--- Data provided ---

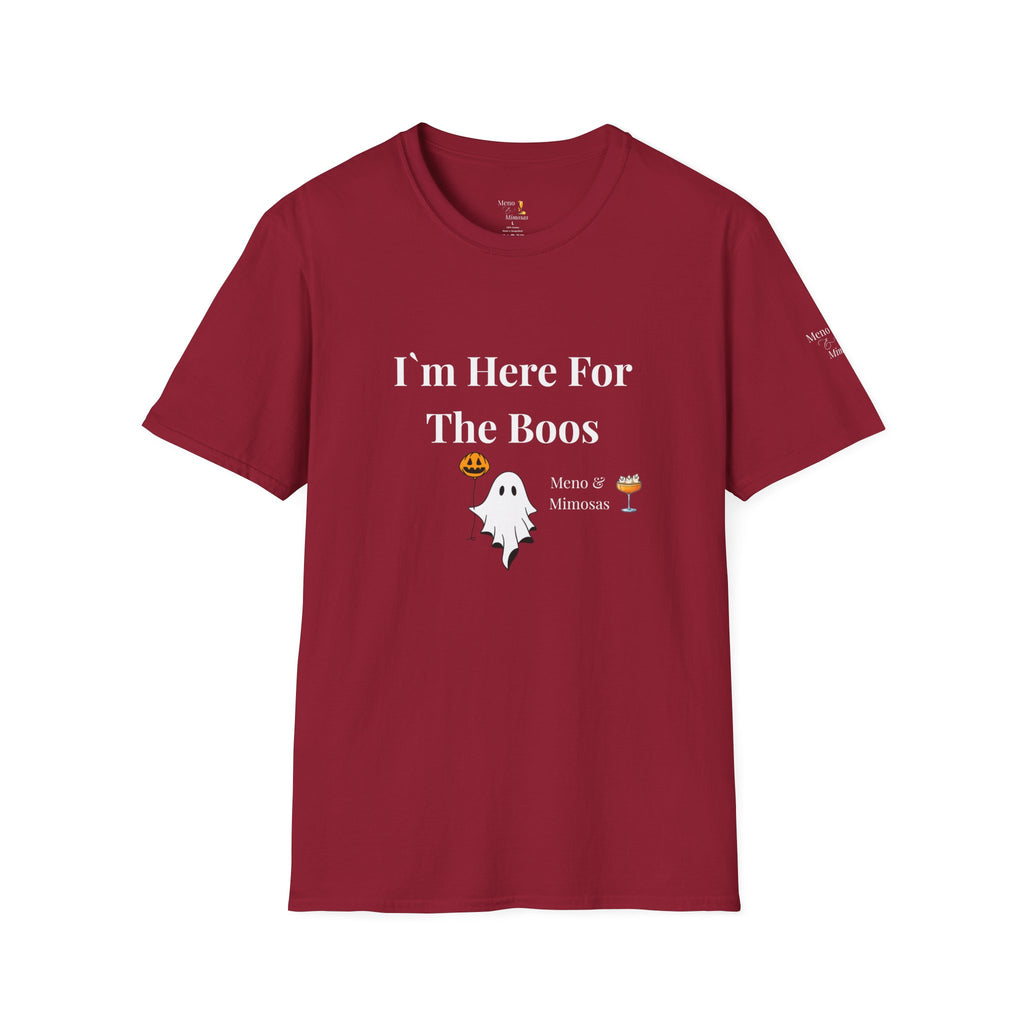 "I'm Here For The Boos" Tee from Meno & Mimosas - Halloween Collection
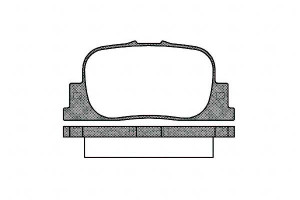 Klocki Hamulcowe Toyota Camry 9 99 Gr.14.8mm Tył *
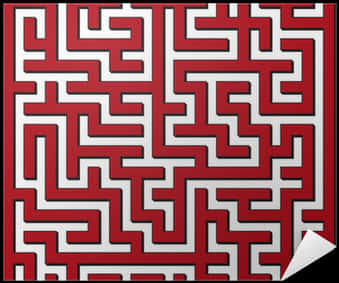 Redand White Complex Maze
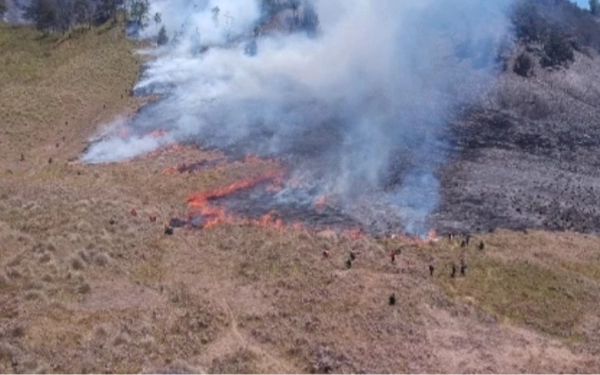 Thumbnail Berita - Polda Jatim Limpahkan Berkas Kasus Kebakaran Bromo ke Kejaksaan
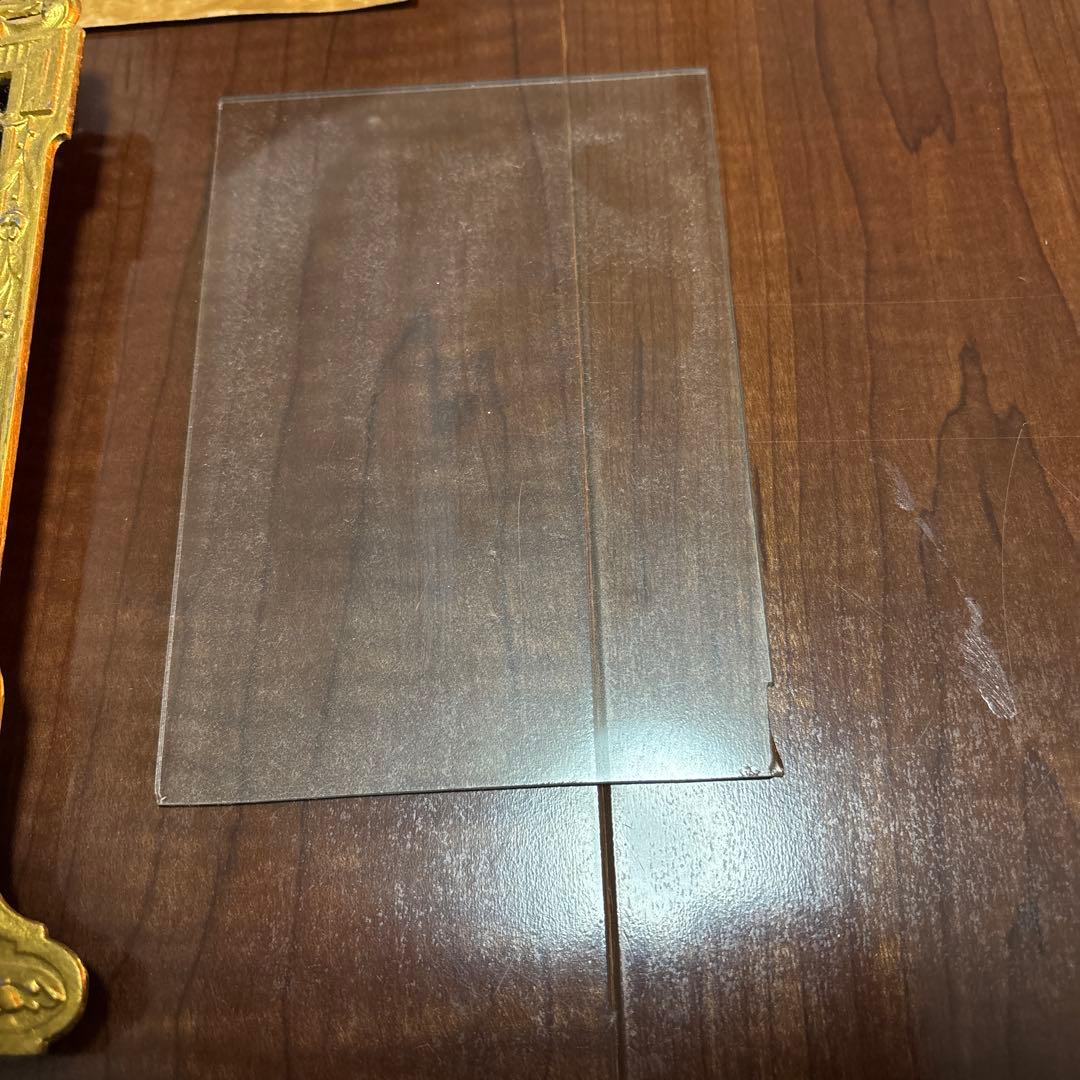 Xmasセールアンティークフォトフレームゴールドヴィンテージ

--- Required work ---
Reproduce exactly and only the lines from the one with "Redand White Complex Maze" through the last entry, both included, excluding every picture.

--- Solution ---
 Redand White Complex Maze
 Thumbnail Berita - Polda Jatim Limpahkan Berkas Kasus Kebakaran Bromo ke Kejaksaan
 Xmasセールアンティークフォトフレームゴールドヴィンテージ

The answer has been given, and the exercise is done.